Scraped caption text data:
---------------

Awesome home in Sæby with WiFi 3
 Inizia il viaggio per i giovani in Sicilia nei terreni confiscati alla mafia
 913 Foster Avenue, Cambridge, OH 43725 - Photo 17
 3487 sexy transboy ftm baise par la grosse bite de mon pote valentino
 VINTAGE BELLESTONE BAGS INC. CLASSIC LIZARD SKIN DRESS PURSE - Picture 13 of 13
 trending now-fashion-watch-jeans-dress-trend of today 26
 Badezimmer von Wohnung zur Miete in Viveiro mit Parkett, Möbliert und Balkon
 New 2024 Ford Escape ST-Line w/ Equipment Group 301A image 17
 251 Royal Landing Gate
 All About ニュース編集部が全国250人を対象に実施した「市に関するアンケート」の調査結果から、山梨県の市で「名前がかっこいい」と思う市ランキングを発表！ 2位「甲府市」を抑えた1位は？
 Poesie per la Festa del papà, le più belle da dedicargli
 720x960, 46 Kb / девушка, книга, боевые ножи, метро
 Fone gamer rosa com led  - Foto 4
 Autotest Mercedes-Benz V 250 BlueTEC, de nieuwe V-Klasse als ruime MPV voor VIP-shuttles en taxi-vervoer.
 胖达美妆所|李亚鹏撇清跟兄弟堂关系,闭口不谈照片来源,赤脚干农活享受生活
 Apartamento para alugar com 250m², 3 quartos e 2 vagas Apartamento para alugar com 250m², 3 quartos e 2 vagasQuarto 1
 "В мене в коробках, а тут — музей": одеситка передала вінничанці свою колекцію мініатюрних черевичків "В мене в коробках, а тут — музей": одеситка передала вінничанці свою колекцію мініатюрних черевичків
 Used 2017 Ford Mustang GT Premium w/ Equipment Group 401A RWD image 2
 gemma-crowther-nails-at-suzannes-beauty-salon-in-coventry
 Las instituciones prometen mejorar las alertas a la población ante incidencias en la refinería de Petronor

---------------

**What you have to do**
Which lines above contain "Ford"? Show each of them.

**Answer space**
 New 2024 Ford Escape ST-Line w/ Equipment Group 301A image 17
 Used 2017 Ford Mustang GT Premium w/ Equipment Group 401A RWD image 2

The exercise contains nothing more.